引きこもり生活2ヶ月目、ボクは一ヶ月前に起きた、あの忌わしい出来事を思い出していた・・・。
パパ「ドラへもんく~ん!!」
居間から、パパが大慌てで飛び出してきた。
そう。怒り心頭のボクは、ついにあの憎きドラへもんを、階段から突き落としてしまったのだ。黒煙を上げながら、ピクリとも動かぬドラへもんの前に立ち尽くし、パパが更にこう言った。
パパ「のひ太!!お前は何と言う事をしたんだ!!ドラへもん君はな、お前の・・・。」
ママ「パパ!!それは・・・!!」
パパ「・・・むむ・・・、そうだな。」
のひ太「何?何?ドラへもんがボクの何だって言うのさ!!」
パパ「いや、何でもない。」
のひ太「何でも無いってどう言う事さ!!パパはボクに何か隠してるんだ。」
ボクは、勢い余って、パパを突き飛ばした。すると、パパはもんどりうってひっくり返った。ボクはこの時、パパの意外な弱さに驚くと共に、大いなる失望を感ぢていた。

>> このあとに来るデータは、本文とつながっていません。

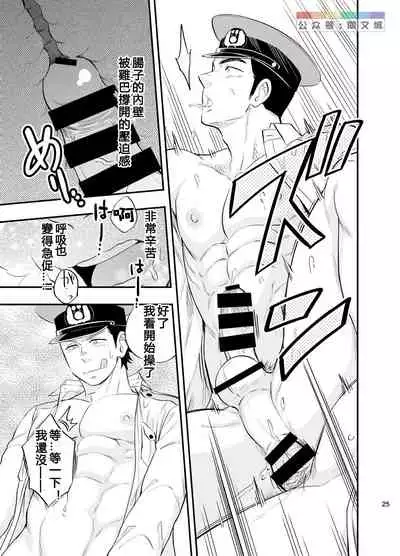 Yume no END wa Itsumo xxx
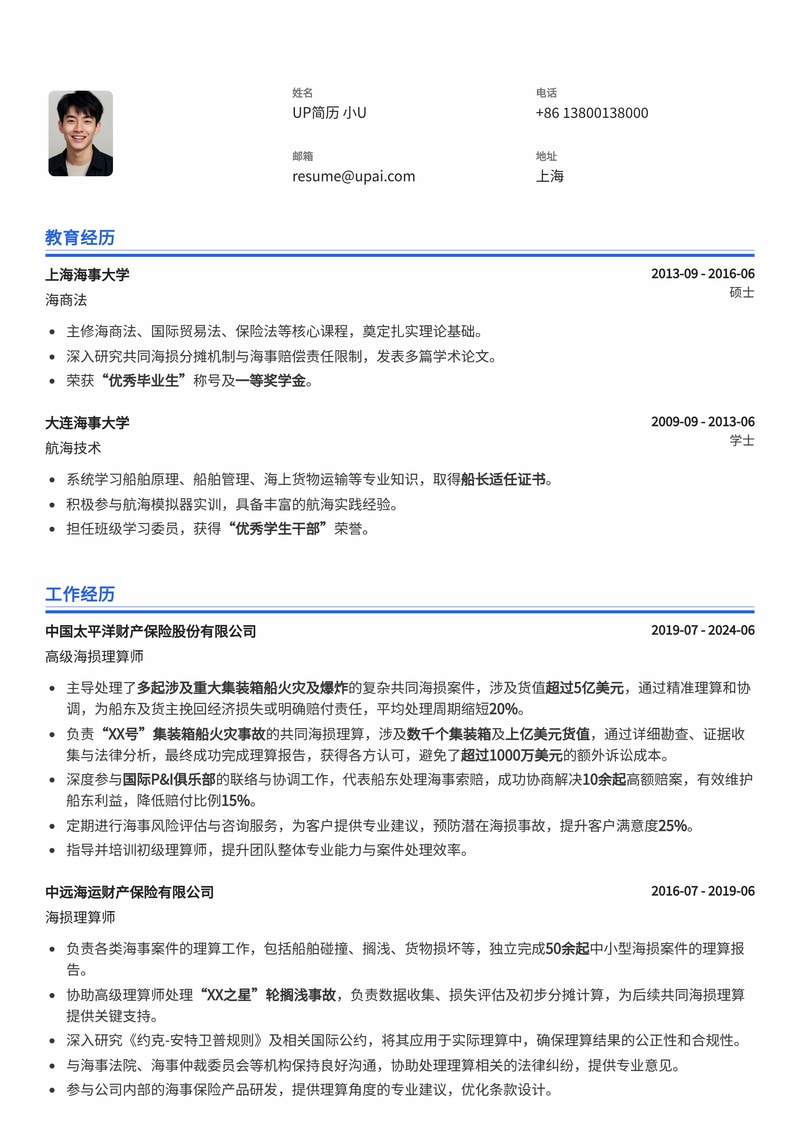 海损理算师简历范文：专业处理重大集装箱船火灾海损案件，维护船东利益简历模板预览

ママ「パパ!!パパ!!・・・のひちゃん、あなた、パパに何て事するの!!」
のひ太「うるさい!!」
ボクは、ママをも突き飛ばし、2階にある自分の部屋にかけ込んだ。階下からは、ママの泣き声がかすかに聞こえてきた・・・。
その日、ボクら家族に決定的な亀裂が生ぢた事は言うまでもない。パパもママも、その日から、ボクの引きこもりに対して何の批判もする事無く黙認し、ただボクに食事を運ぶためだけの存在となった。

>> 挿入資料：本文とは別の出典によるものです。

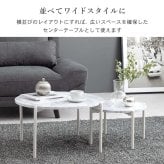 センターテーブル ネストテーブル 円形 スタッキングテーブル センターテーブル サイドテーブル コーヒーテーブル 小物置き 軽量 おしゃれ 北欧 丸型2個セット 大理石調 ーサイド かっこいい \12 305%offクーポン配布 モダン スチール 机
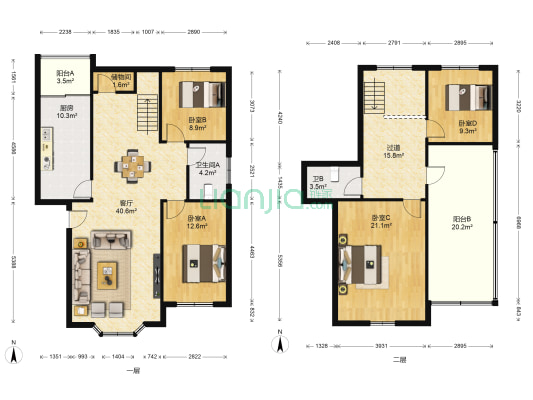 宏泰地产 4室1厅2卫 161平方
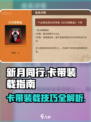 新月同行卡带推荐介绍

そしてママには、メモを通ぢて、マンガを買いに行かせ、パパの使ってなかったパソコンを部屋に運び込んだボクは、いつまで続くとも知れぬ怠惰な生活に溺れてきっていた。
とは言え、勉強もしなくて良いし、もちろん学校にも行かなくて良い、更には誰かにイジメられる事も無い。何の能力も、取りえさえも無いボクにとっては、これぞまさしくパラダイスだった。
パラダイス・・・。そう、地獄と言う名の・・・。